Research Interests

I have conducted research in several fields using a range of methodologies, focusing on social aspects of the use of the Internet, especially as a site of contact among people of varying backgrounds, with the intent of understanding how the technical systems of the Internet are coupled with contemporary social dynamics. This research has several manifestations, described below, and on various linked pages on this site.

  • Social Network Analysis of Information and Communication Technologies
  • Internet Multilingualism and Language Diversity
  • Emergent Semantics
  • Social Dynamics of New Media
  • Probabilistic, Formal and Quantitative Models of Language

Social Network Analysis of Information and Communication Technologies

Computer-Mediated Communication (CMC) has rapidly evolved into a primary form of communication in a broad range of interpersonal, organizational, and mass communication functions. Understanding CMC is now a key enterprise of the social sciences and humanities. Among the things we most urgently need to understand are the large-scale patterns of CMC, whether these involve technology adoption, information diffusion, the creation of new forms and genres of communication, or more complex social dynamics.

Social Network Analysis offers an important perspective on CMC use because it allows one to directly connect observation of individual-level actions with global trends. It is applicable to a broad range of questions about information and communication technologies and their social effects, and permits us to compare the effects of different CMC types, to each other and to face-to-face communication. On the theoretical level, SNA is especially useful in developing understandings of the social dynamics of CMC use.

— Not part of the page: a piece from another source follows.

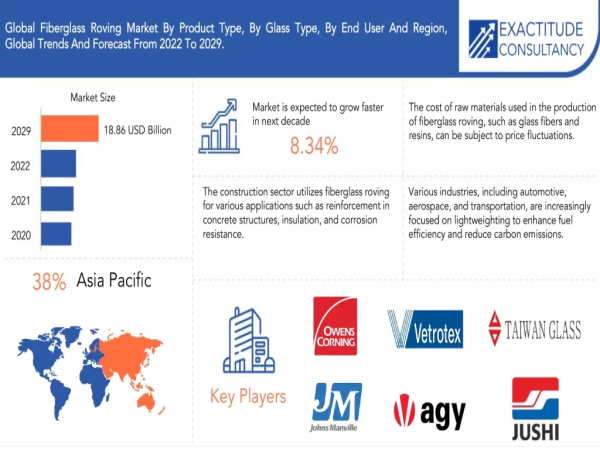  Fiberglass Roving Market to hit USD 18.86 Billion by 2030, grow at a CAGR of +8.34% | Exactitude Consultancy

Internet Multilingualism and Language Diversity

As I noted in my earliest research on CMC, the Internet is a theater of language contact on a scale larger than any previously observed (Paolillo 1996). It is commonplace for people to discuss the Internet in terms of its global reach, bringing countries and cultures together into contact. It is less common for people to note that this contact also means contact among people with different language backgrounds, and less common still for people to recognize that language contact on Internet scale has unprecedented consequences for the nature, vitality, and diversity of the world's languages. In any language contact situation, the status of languages and their speakers is negotiated, most often through overt conflict. Societal majorities, whether in a local or global sense, have a decided advantage in these negotiations. Hence, language contact often exacts a cost over one or more generations from minority languages and their speakers. Language contact on the Internet offers many opportunities to observe and better understand these social dynamics and their consequences. In addition, Internet language contact involves technical considertations, such as the encoding of scripts, multilingual text, etc., that do not occur in other language contact situations.

Emergent Semantics

Linguistic expressions, unlike those of formal languages, do not have fixed meanings, but rather have meaning that is shaped by context in various ways. The processes under which linguistic expressions evolve new meaning are sometimes known as emergent semantics, where "emergence" is understood in terms of the expression of complex behavior through the interaction of a mass of units following simple rules, as in the interactions of people in a larger social context. One locus of attention in emergent semantics is the notion of "tagging", i.e. the employment of user-defined metadata for the purpose of categorization and retrieval (for an example, see In such applications, the collective semantics of a set of resources, tags or users is said to "emerge" through the simple practice of users applying their own tags, and using the tags that others have applied. CMC provides further examples, as when ideas are contested in public discourse on Usenet newsgroups or in weblogs. Semantic emergence may be studied through vector-space modeling and social network analysis. When viewed particularly under the lens of the latter, semantic emergence is revealed to be highly heterogeneous, depending on the particulars of the application, the linguistic nature of the tags applied, and the social milieu in which it is undertaken. Moreover, semantic emergence may involve conflicting representations which are not necessarily resolved.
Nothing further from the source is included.